The idea cooking in my head was simple: could I start a solo game that I could play fairly simply on my phone in small bursts (a few actions at a time) or slightly longer if I had time?
Chewing over the idea of what that might look like, some ideas settled into mind:
- A game that can be played using simple mobile tools such as a dice roller and draw-a-card app.
- Journaling and note-keeping kept simply enough that Google Keep (or a similar notes app) would suffice.
- A game where I might be able to make a few moves before bed, waiting at the doctor's office, or on a lunch break without a lot of build up or take down.
There is a bit of irony that this idea initially grew out of the concept of playing a solo game entirely inside the Mythic GM Emulator App but as I chewed on the idea more I thought it might be fun to use Tricube Tales and I settled on Tricube Solo for the general engine (but not exactly the oracle, as I will discuss). This meant the Mythic app that started it was out, for now, but I had some nice forward momentum.
The (possibly short) Campaign
I picked, nearly at random, The Guardians of the Shadow Frontier as my scenario since I was down for playing most anything.
image credit:
written by Richard Woolcock with art by Balázs Pirók, Ede László, and taken from the WWN Art Pack. CC-BY-3.0.
The scenario set-up is pretty simple: Decades ago, a war of succession shattered the once prosperous kingdom of Khelia. As the violence escalated, the rival factions drew upon increasingly dark and dangerous magic, unleashing terrible monsters upon the land. In the end, the would-be successors lay dead, their prize reduced to ruin. With their lords gone, the surviving mages united under one banner, rebuilding the former kingdom as a magocracy. The newly formed Arcane Order drove out the monsters and conjured a protective veil around the realm. Dark magic was outlawed, and a military force called the “guardians” was established to protect the people from any monsters that managed to cross the veil. You are guardians, elite soldiers trained by the Arcane Order. The mages have tattooed your skin with magical sigils, transforming you into a living weapon, and you have sworn an oath to defend the realm.

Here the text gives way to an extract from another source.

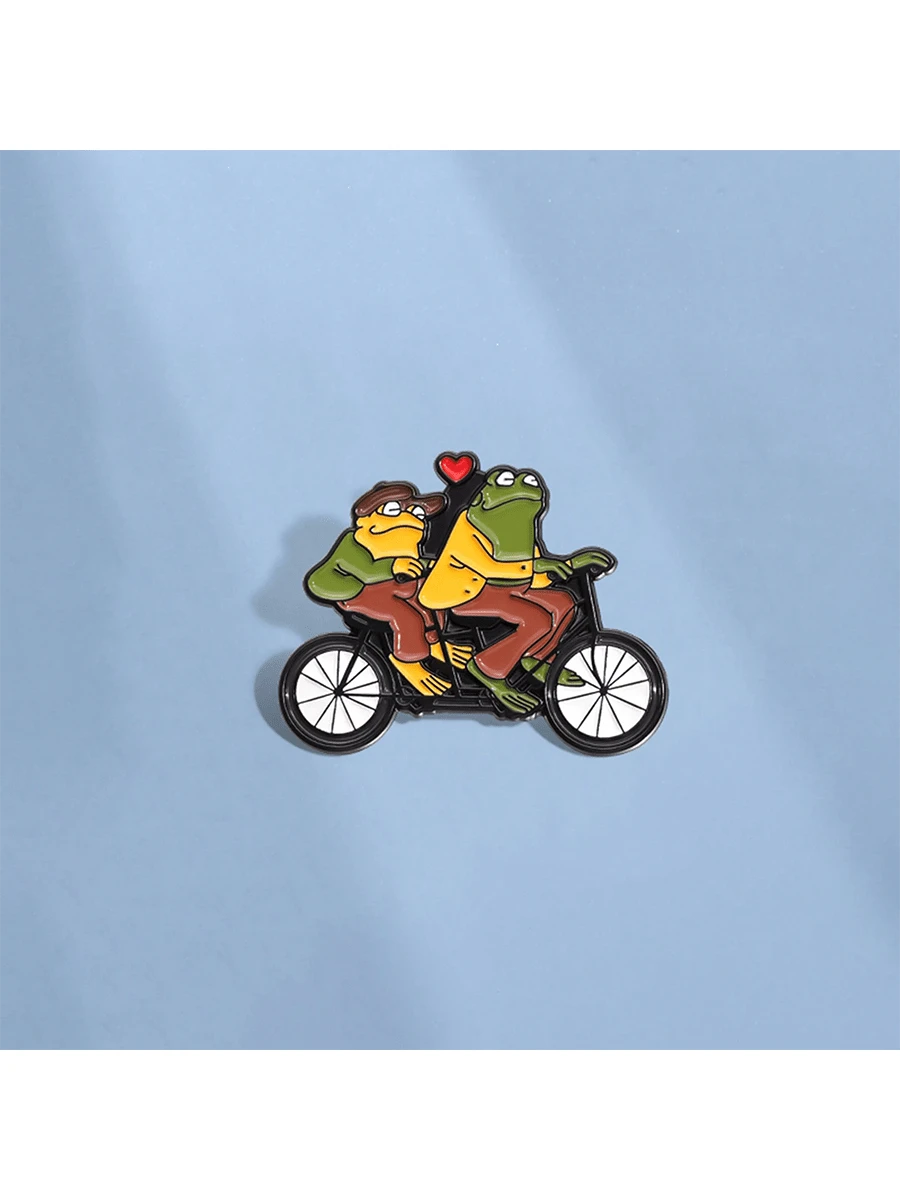 Frog Bicycle Love: Fun And Romantic Brooch That Highlights Your Unique Personalized Halloween Pin For Clothes Bag Charm Backpack For School Kpop Teacher Supplies Bag Charms Cute Office Accessories Shi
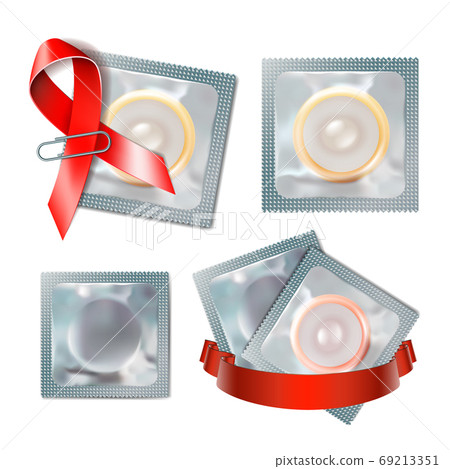 Red awareness ribbon with condom. Safe sex concept. Symbol of world contraception day or world AIDS day 69213351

That sounds plenty fun to me and that sort of set-up - a magical barrier that protects from an outside chaos - is something I have used in various campaigns (solo or otherwise) before, so I figured I could try a slightly unique flavor of it.
Doug's Additional Concepts
I had an odd visual almost immediately in mind. The Arcane Order started out in a research university town - Hub - and developed Resonance Towers. The physical appearance of this Resonance is like giant soap bubbles spreading over the land, the sky a shimmering haze of rainbow colors in the protected regions.
image credit: rihaij via pixabay (link)
As Resonance builds, the bubbles generated by the land grow larger and larger, eventually merging together. It is a self-feeding system that grows and strengthens on its own but can be fragile if directly assaulted by agents of The Dark. Some towers have already been destroyed and some areas lost.
Though Hub is not the largest city in the Arcane Order's domain (Khalid City being the capital), it still prides itself as the academic and research basis behind Resonant Engineering. Hub would be the focus on the campaign as the Order continues to build Towers and spread Resonance further and further.
Inside the Bubbles, the ability to rebuild technology and advance society resumes so society is now at a roughly early Victorian level. Outside, The Dark creates chaos and breaks down order, causing those places unprotected to be more like a traditional fantasy setting. This adds a layer where some Insiders considers themselves superior to the people still struggling hard against The Dark Outside.
Near Hub, a new threat has arisen. Several sites of attacks have been marked by a pair of bloody hand prints as a calling card. Dubbed "The Bloody Hands," this unknown agency seeks to disrupt the spread of Resonance. The focus characters, Guardians from Hub, are tasked with tracking down The Bloody Hands before any more damage can be done.
The Characters and Vibe
There are three characters (note: names were basically made out of random syllables squished together):
- Arden Ulet: A Crafty Seer. Brilliant but Brooding Tactician. --> Arden is the main focus of the campaign. He is looking to move up in the Guardians and be recognized for his brilliance, but his sour disposition and pushing back of protocol keeps holding him back. He is essentially directly inspired by a young Endeavour Morse. Hub, is after all, the Oxford analog with Khalid City being London.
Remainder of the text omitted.